> Dataset excerpt:
□ □ □ □ □
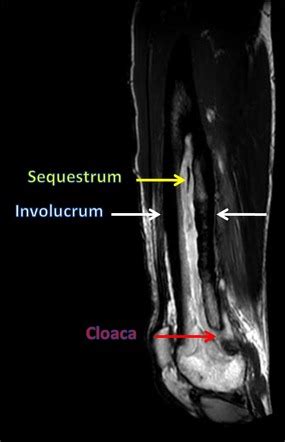 Bony sequestrum | Radiology Reference Article | Radiopaedia.org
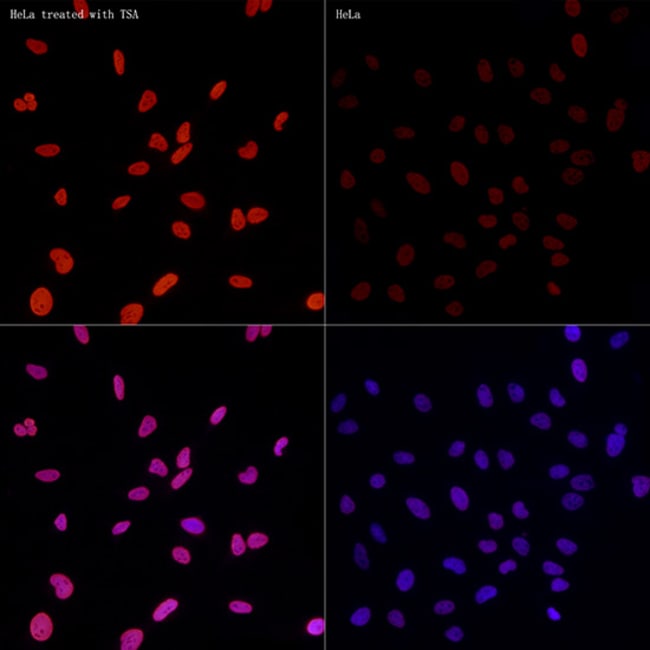 100UL ACETYL-HISTONE H3 ANTIBODY 100 UL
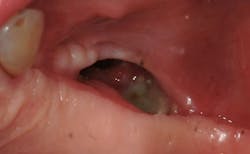 Ao Piapreview Article1 Valentini Dec2018 Fig1a Ao Piapreview Article1 Valentini Dec2018 Fig1a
□ □ □ □ □
> Task statement: The material is to be written out word for word, and the pictures are to be left out.

> Written response:
 Bony sequestrum | Radiology Reference Article | Radiopaedia.org
 100UL ACETYL-HISTONE H3 ANTIBODY 100 UL
 Ao Piapreview Article1 Valentini Dec2018 Fig1a Ao Piapreview Article1 Valentini Dec2018 Fig1a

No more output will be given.